Cuando medio siglo más tarde se desclasifiquen los documentos relativos a todo esto (como se acaban de desclasificar los referentes al golpe de Estados Unidos en Irán), tantos y tan documentados «intelectuales» (los que queden vivos), ni se dignarán entonar ningún tipo de disculpa: ellos saben mantenerse siempre instalados en el marco de lo políticamente correcto, ellos continuarán teniendo a su disposición los mejores espacios en los grandes medios. Por el contrario, nosotros nunca dejaremos de ser los «radicales», o incluso los defensores de «las teorías de la conspiración», a pesar de que algunos de nuestros argumentos sean tan incuestionables como lo son las denuncias, ante las cámaras de televisión, del general Wesley Clark, excomandante supremo de la OTAN durante el ataque a Kosovo. Ya al inicio del ataque a Afganistán, denunció el plan secreto de su propio Gobierno: «tomar siete países en los próximos años: empezando por Irak, después Siria, Líbano, Somalia, Libia, Sudán y para terminar Irán”. ¿Cómo es que tales testimonios no interesan a quienes se empeñan en analizar estos conflictos sin tener en cuenta jamás ninguna causa extrínseca en la que aparezca implicado Occidente?
¿Y por qué Bashar al-Asad -cuestionan estos intelectuales- está siendo tan renuente a permitir que el equipo de investigadores de la ONU lleve a cabo sus investigaciones? Pero a quienes conocemos bien lo que tales equipos vienen haciendo desde hace más de medio siglo en el Congo y en Ruanda (o lo que la ONU hace después con los informes más incómodos), no nos extraña que el régimen sirio sea tan reacio a ellas. A comienzos de 2010, el senador Pere Sampol, sorprendido e indignado por las conclusiones de otro equipo de expertos de la ONU, solicitó una entrevista al juez Fernando Andreu.
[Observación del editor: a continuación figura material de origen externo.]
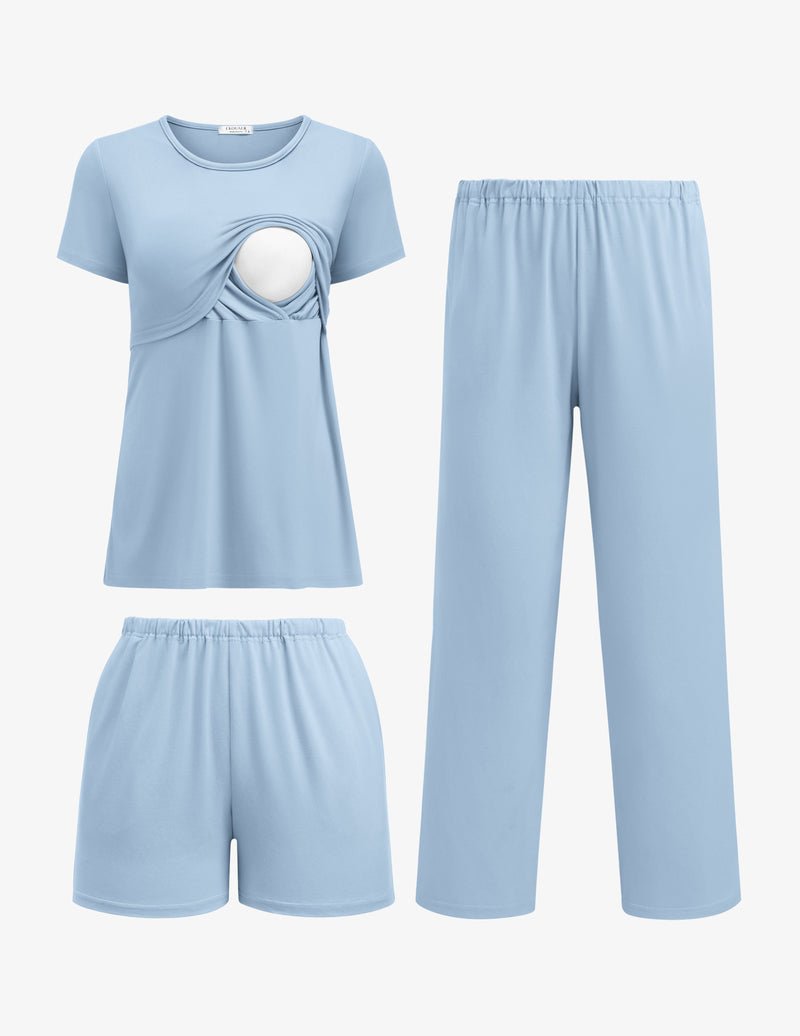 Conjunto de pijama de lactancia 3 piezas azul claro con blusa y pantalón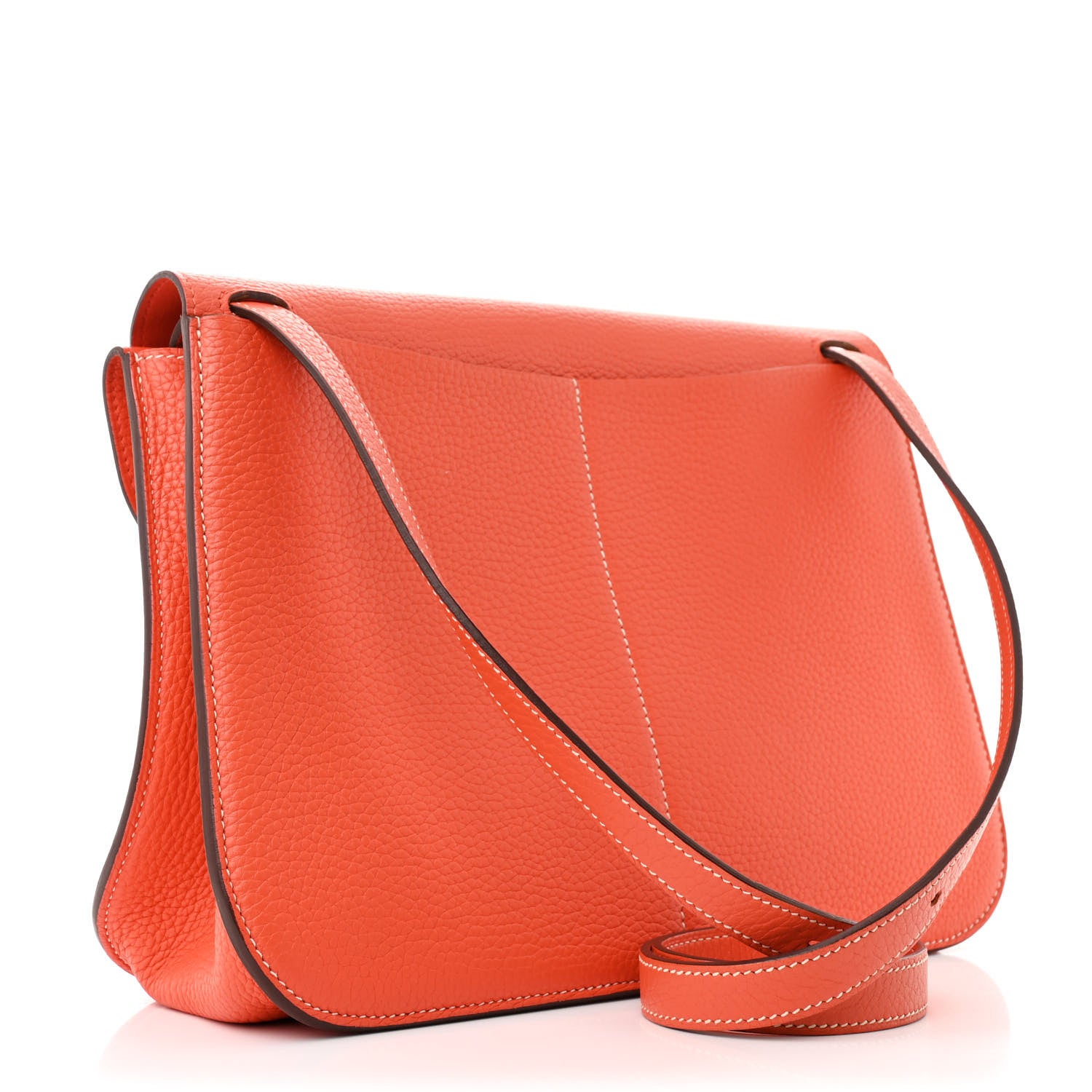 Hermes Taurillon Clemence Halzan 31 GM Orange 3 of 15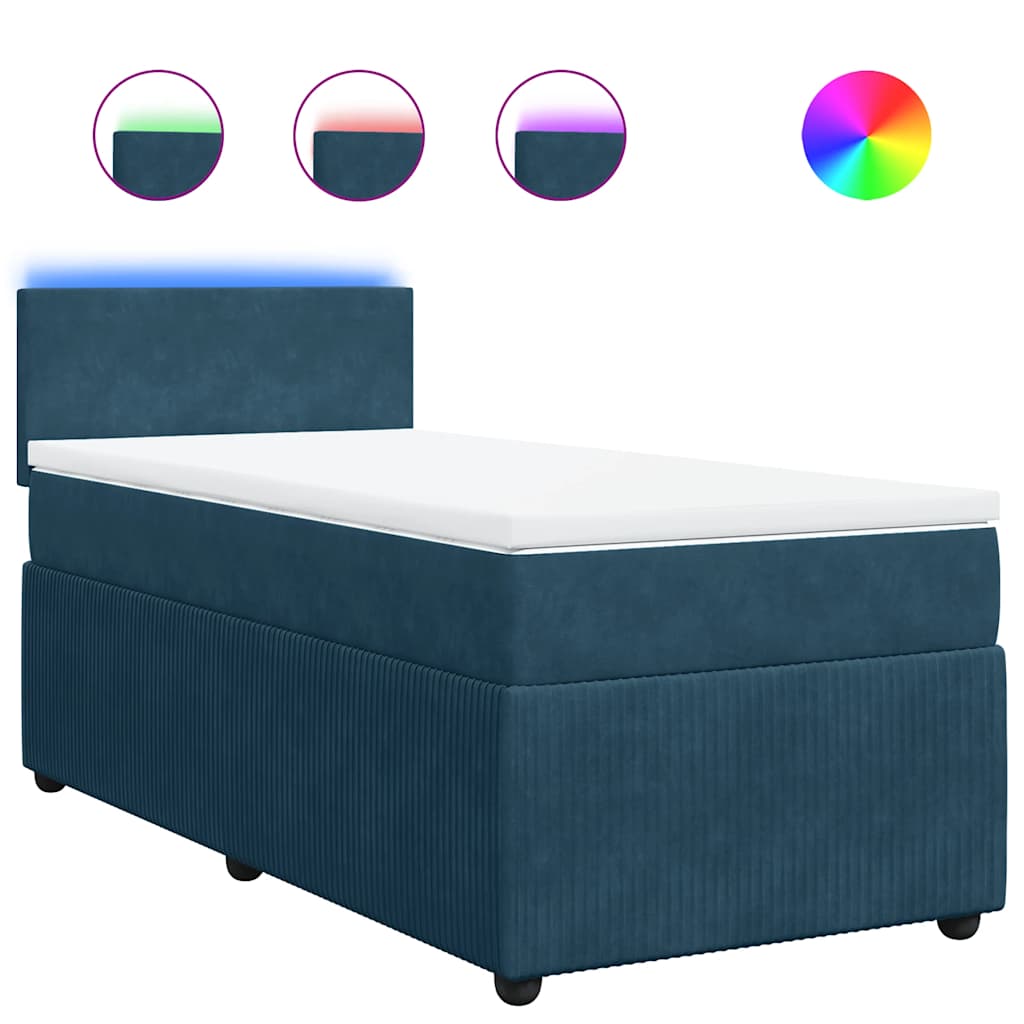 Box spring krevet s madracem plavi 100x200 cm baršunasti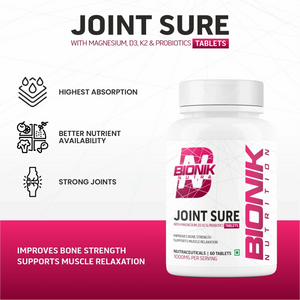 Bionik Nutrition Joint Sure | Bone & Joint Support Supplement with Calcium, D3, K2 & Probiotics | 60 Tablets - BIONIK NUTRITION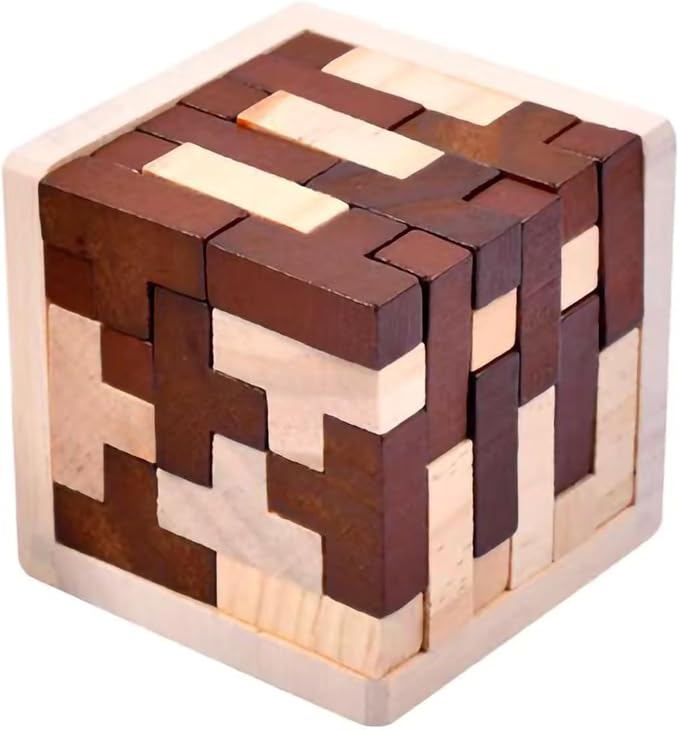 AHYUAN Wooden Brain Teaser Puzzles Cube Stocking Stuffers Wooden Puzzles T-Shaped Jigsaw Logic Puzzle Educational Games Toy for Kids and Adults (Coffee and Natural)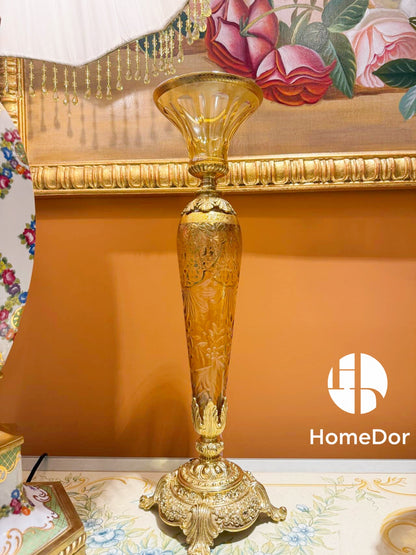 HomeDor Aurora Glass - Juego de flores grabadas en ámbar y dorado 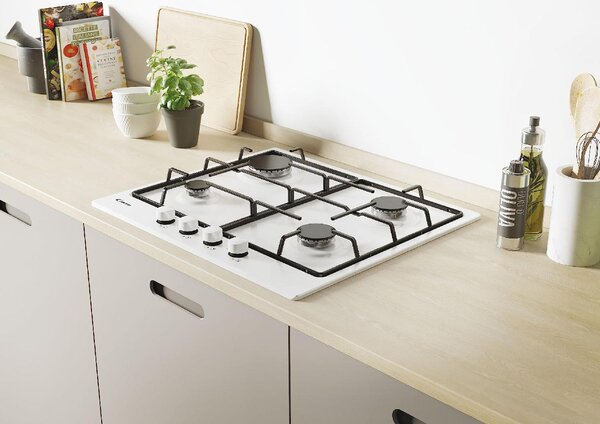 Candy CHW6BRWW Piano Cottura 4 Fuochi a Gas 60 cm colore Bianco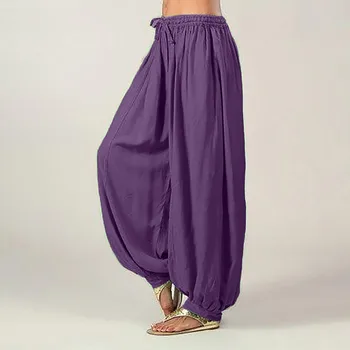 Moda Pantaloni Femei Plus Dimensiune Casual Culoare Solidă Vrac Pantaloni Harem Pantaloni De Yoga Lenjerie De Pat Din Bumbac Lungime Completă Pentru Femei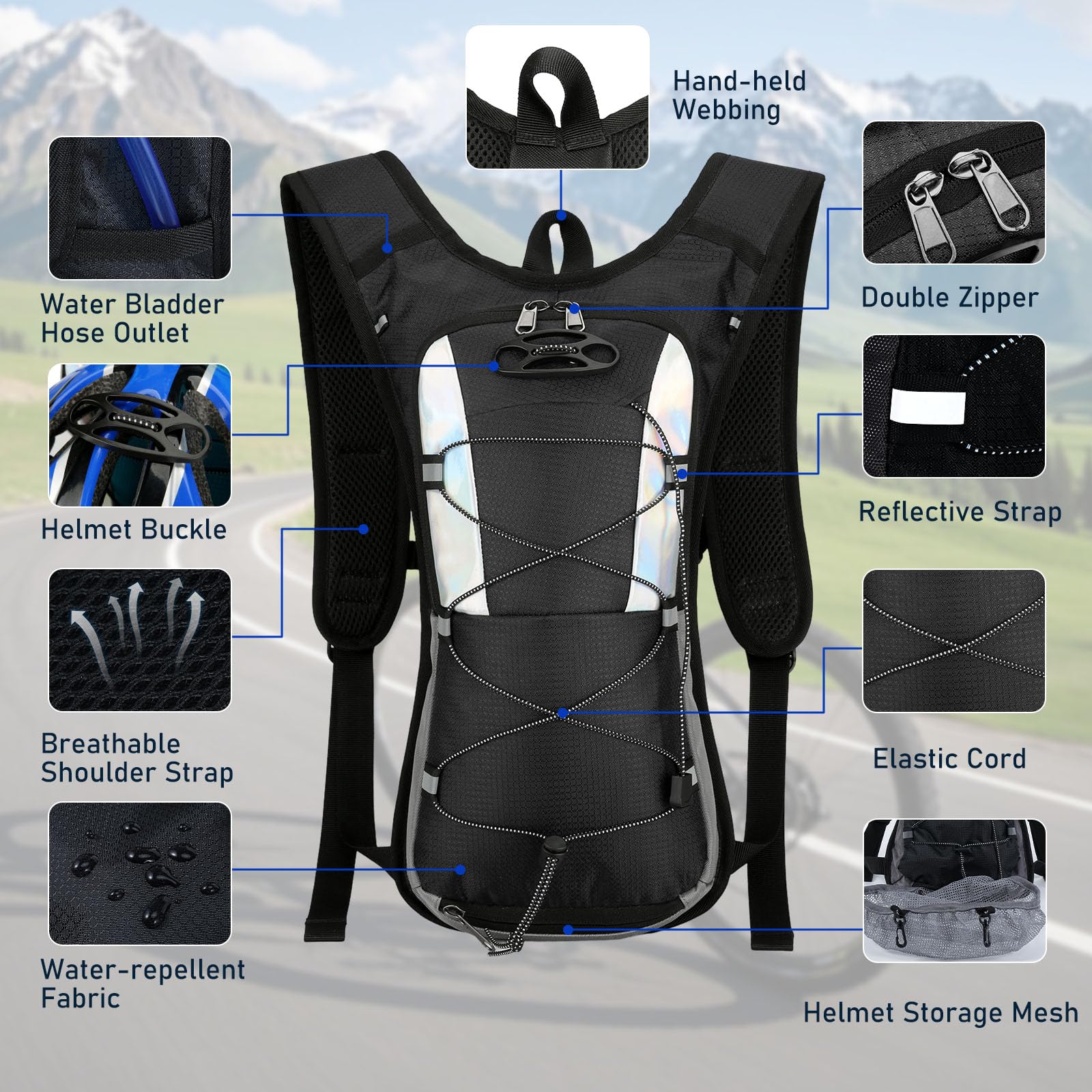 Mochila de Hidratación con Bolsa de Agua 2L, Mochila Hidrófugo para Running y Ciclismo MTB con Red para Casco y Tiras Reflectantes - Ligera Unisex para Trail, Senderismo, Maratón - 5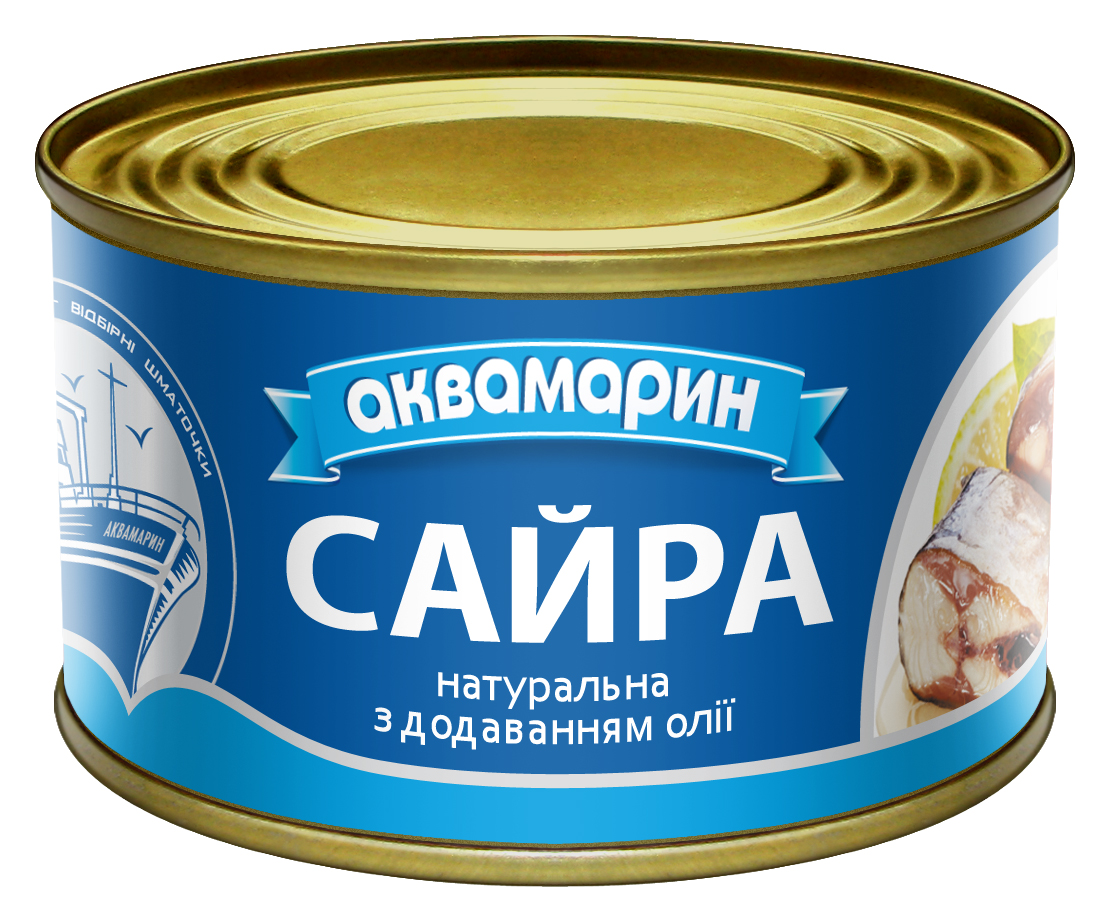 Сайра натуральна з додаванням олiї Аквамарин 230гр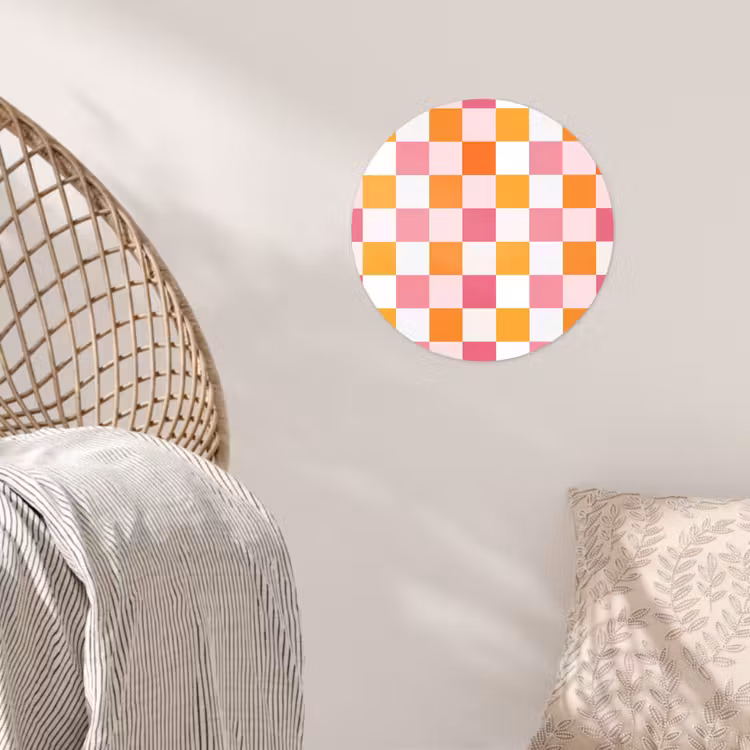 Patroon - Vierkant - Roze Wandcirkel behangsticker klein 186 -sfeer4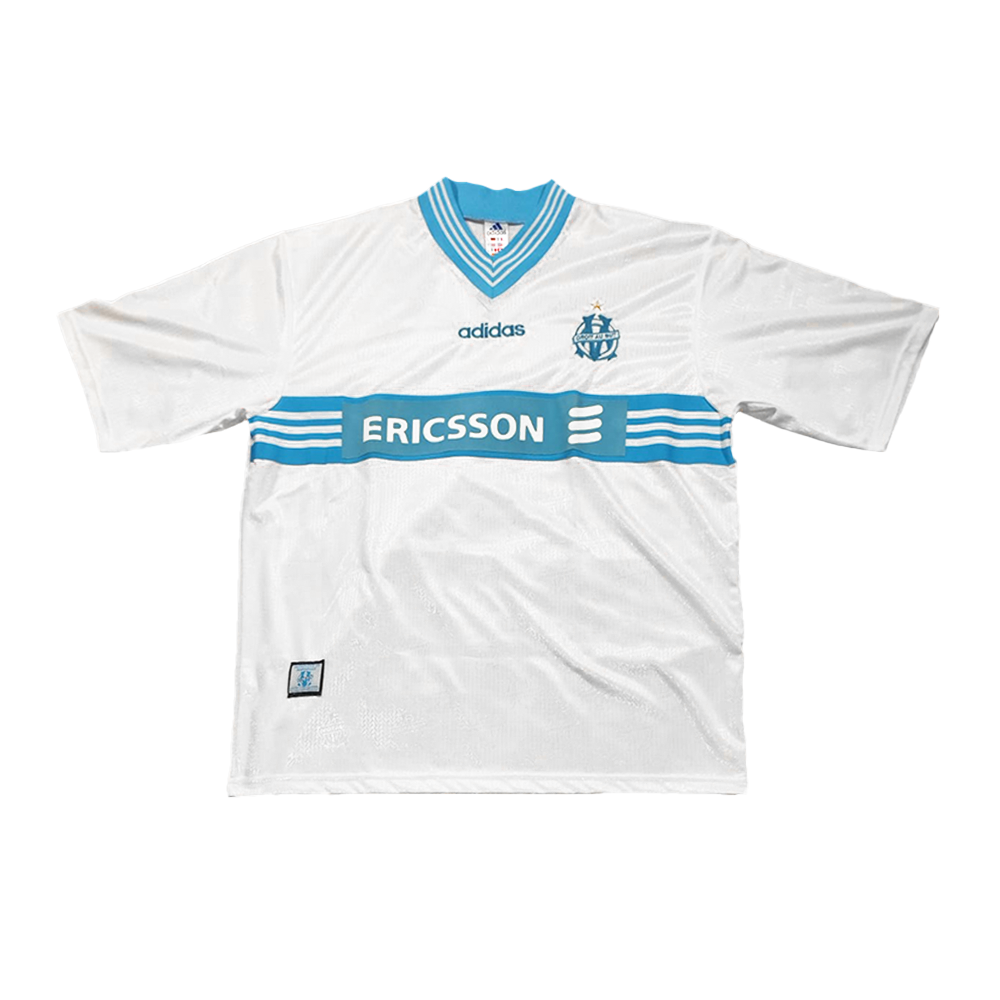 Maillot vintage domicile de l'Olympique de Marseille, saison 1997-1998 taille XL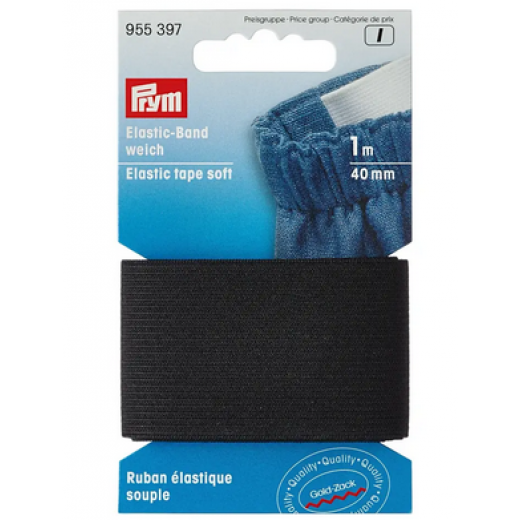 Elastic-Band weich 40 mm schwarz - 1 m-Karte - Prym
Para desactivar nuestra querella en la Audiencia Nacional contra decenas de altos cargos del Gobierno de Ruanda, me acusaban de ser el principal financiador de los «genocidas» de las FDLR. Aún recuerdo las palabras que este juez íntegro pronunció aquel día: «Yo ya no tengo en cuenta nunca los informes de la ONU, durante años he podido comprobar reiteradamente que siempre son informes de parte». Más tarde, la publicación de cinco cables de WikiLeaks dejó en evidencia aquella auténtica conspiración urdida por el Departamento de Estado estadounidense, el Gobierno ruandés, la ONU, nuestro Ministerio de Exteriores y los diarios El País y Público. Sin embargo, ahora que hasta la misma ONU reconoce que las diversas rebeliones que operan en el Congo son sobre todo creación de Ruanda, ninguno de los actores de esta farsa se ha dignado pedirnos disculpas ni a nosotros ni, sobre todo, a las víctimas ruandesas y congoleñas.
Joan Carrero Saralegui, presidente de Fundació S’Olivar, 29 agosto 2013.